> [Activity]
A precise copy of the data is required, with every picture left out.

--- Material for the task ---

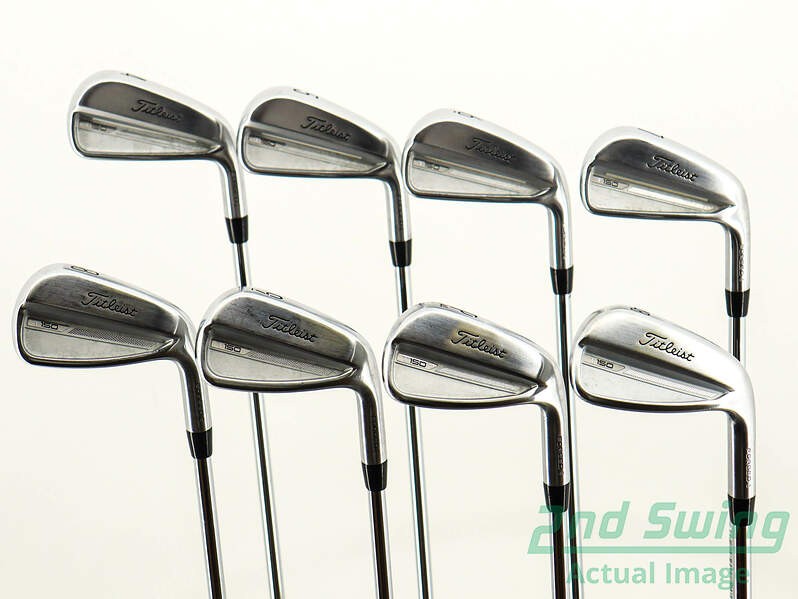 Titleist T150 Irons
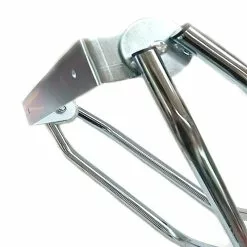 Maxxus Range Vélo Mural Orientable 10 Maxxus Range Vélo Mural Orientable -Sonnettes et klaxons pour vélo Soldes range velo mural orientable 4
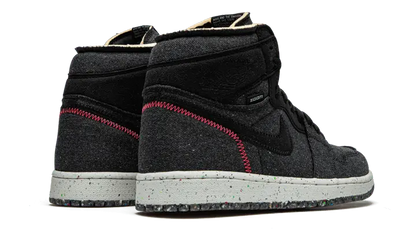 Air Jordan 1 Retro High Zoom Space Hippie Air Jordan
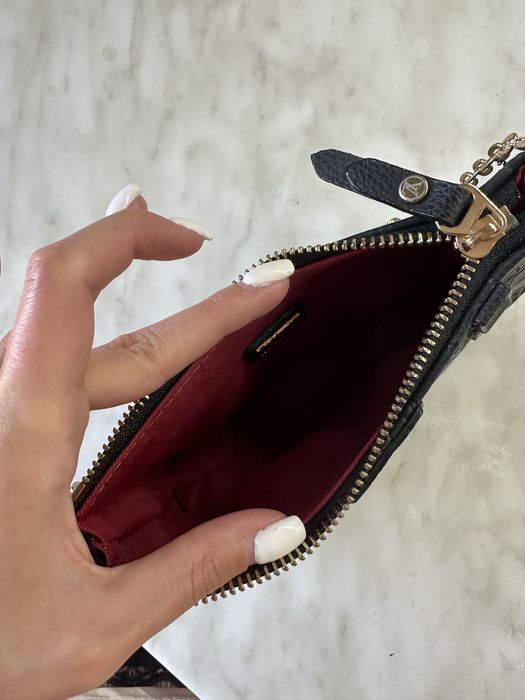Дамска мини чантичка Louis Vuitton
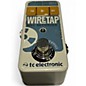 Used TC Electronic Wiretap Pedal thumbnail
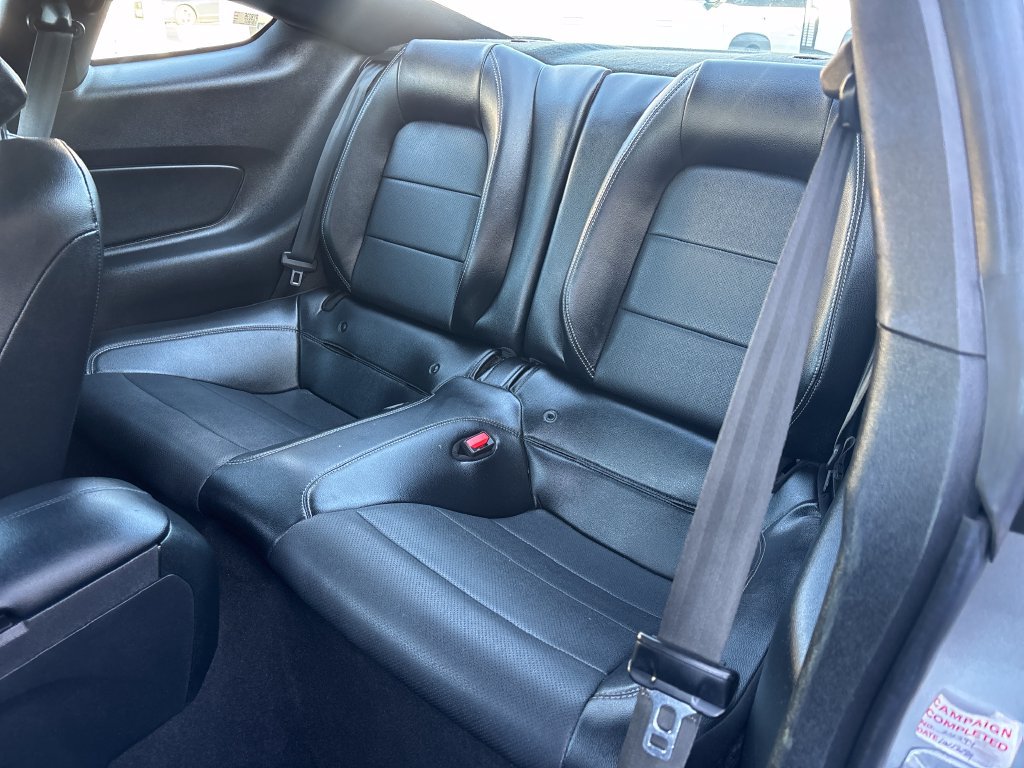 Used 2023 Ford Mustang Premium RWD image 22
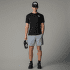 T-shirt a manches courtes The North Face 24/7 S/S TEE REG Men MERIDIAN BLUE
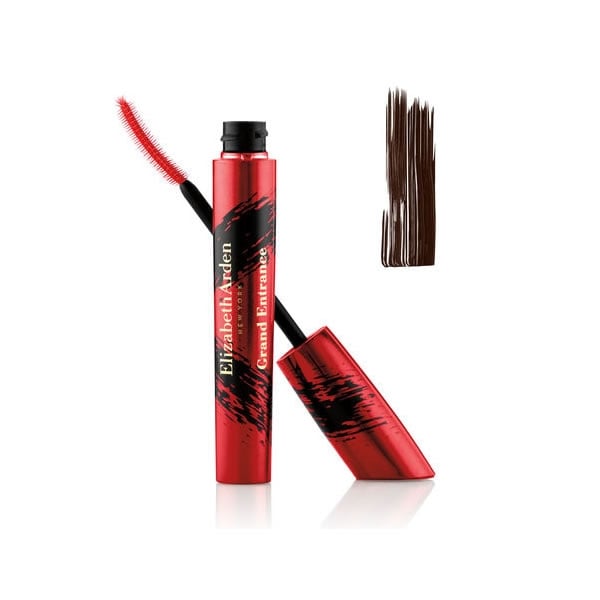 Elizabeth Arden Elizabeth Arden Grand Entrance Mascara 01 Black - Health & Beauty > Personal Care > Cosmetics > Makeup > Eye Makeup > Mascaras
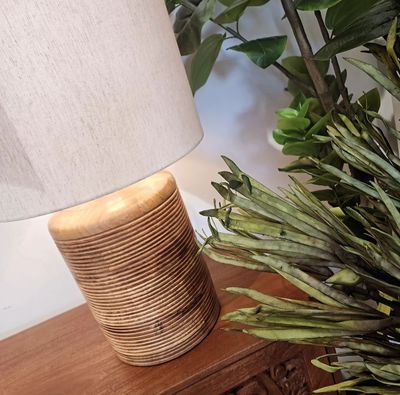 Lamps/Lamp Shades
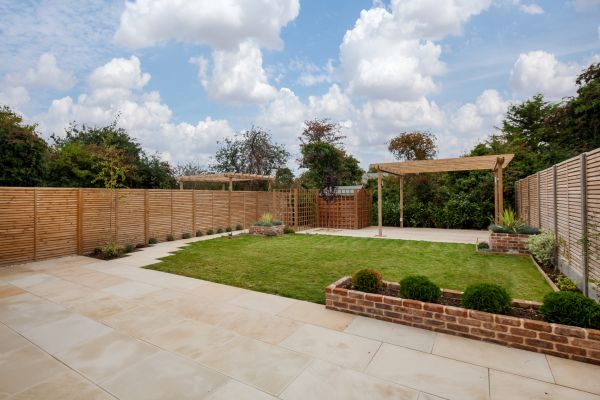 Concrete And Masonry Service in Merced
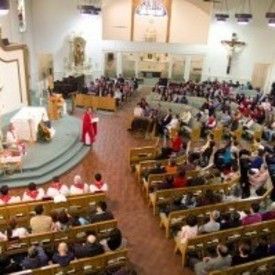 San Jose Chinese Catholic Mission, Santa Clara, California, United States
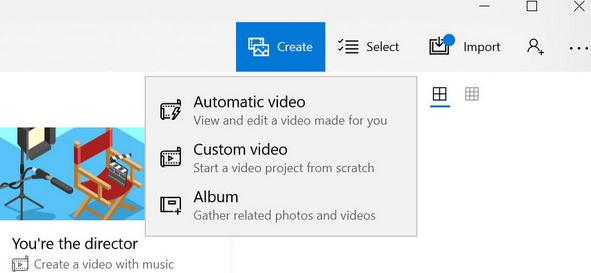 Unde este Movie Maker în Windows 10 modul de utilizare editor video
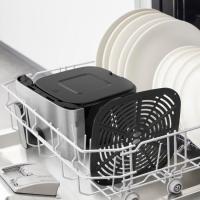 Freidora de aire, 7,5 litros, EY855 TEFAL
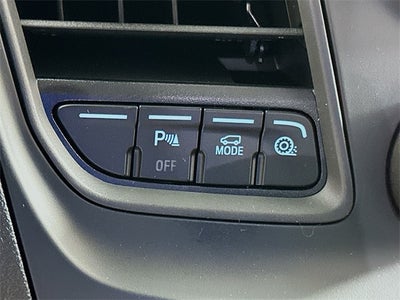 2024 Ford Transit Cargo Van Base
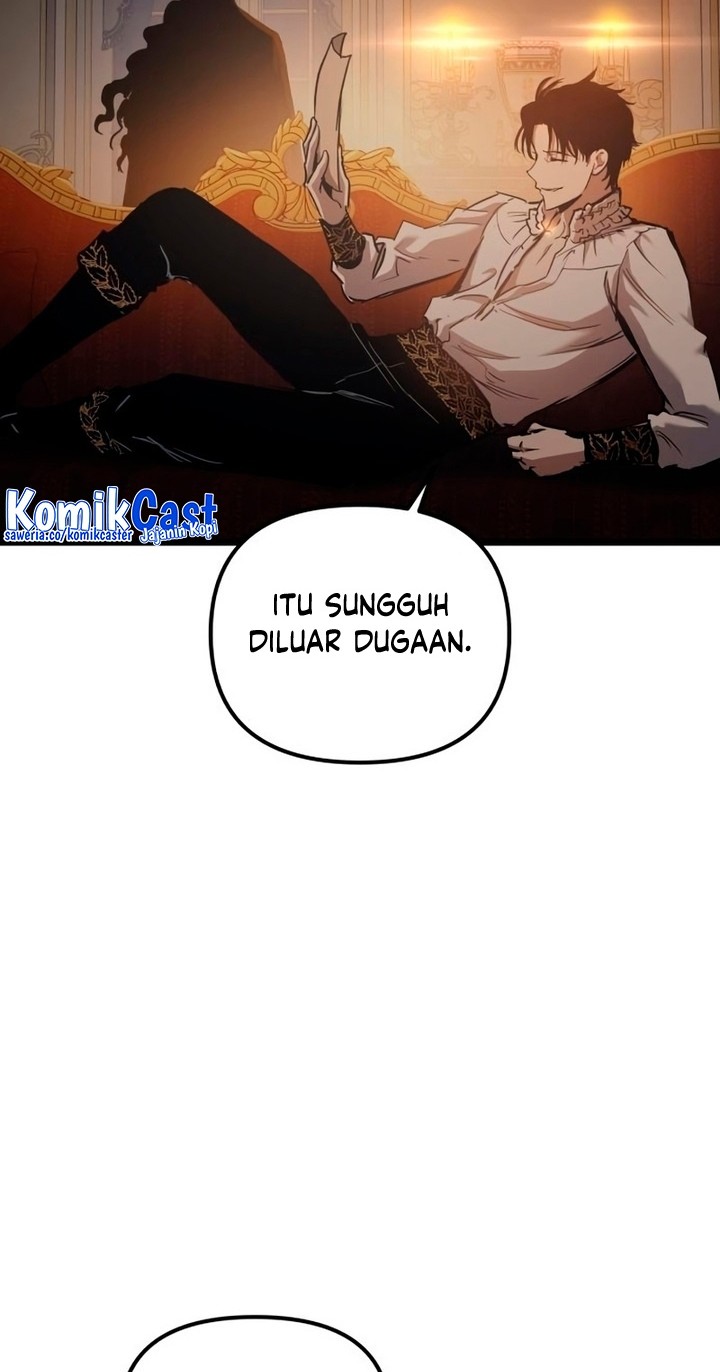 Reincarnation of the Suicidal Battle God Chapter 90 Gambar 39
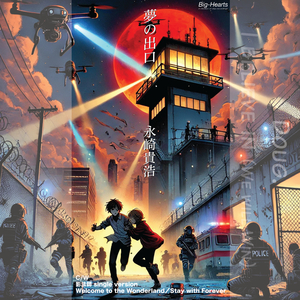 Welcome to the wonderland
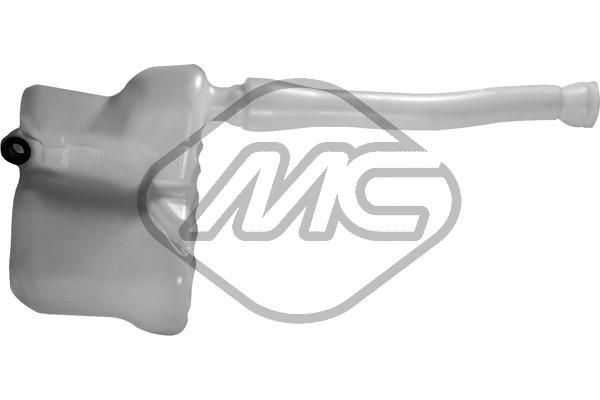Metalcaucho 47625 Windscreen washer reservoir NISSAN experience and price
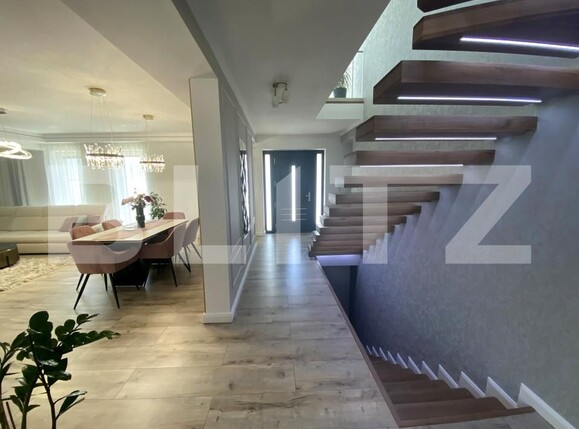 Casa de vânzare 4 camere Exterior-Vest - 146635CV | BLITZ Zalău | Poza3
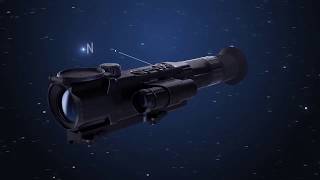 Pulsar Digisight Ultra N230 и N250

---

> [Answer below]
 Titleist T150 Irons
 Maxxus Range Vélo Mural Orientable 10 Maxxus Range Vélo Mural Orientable -Sonnettes et klaxons pour vélo Soldes range velo mural orientable 4
 Air Jordan 1 Retro High Zoom Space Hippie Air Jordan
Дамска мини чантичка Louis Vuitton
 Used TC Electronic Wiretap Pedal thumbnail
 Used 2023 Ford Mustang Premium RWD image 22
 T-shirt a manches courtes The North Face 24/7 S/S TEE REG Men MERIDIAN BLUE
 Elizabeth Arden Elizabeth Arden Grand Entrance Mascara 01 Black - Health & Beauty > Personal Care > Cosmetics > Makeup > Eye Makeup > Mascaras
 Lamps/Lamp Shades
 Concrete And Masonry Service in Merced
 San Jose Chinese Catholic Mission, Santa Clara, California, United States
 Unde este Movie Maker în Windows 10 modul de utilizare editor video
 Freidora de aire, 7,5 litros, EY855 TEFAL
 2024 Ford Transit Cargo Van Base
 Reincarnation of the Suicidal Battle God Chapter 90 Gambar 39
 Welcome to the wonderland
Metalcaucho 47625 Windscreen washer reservoir NISSAN experience and price
 Casa de vânzare 4 camere Exterior-Vest - 146635CV | BLITZ Zalău | Poza3
 Pulsar Digisight Ultra N230 и N250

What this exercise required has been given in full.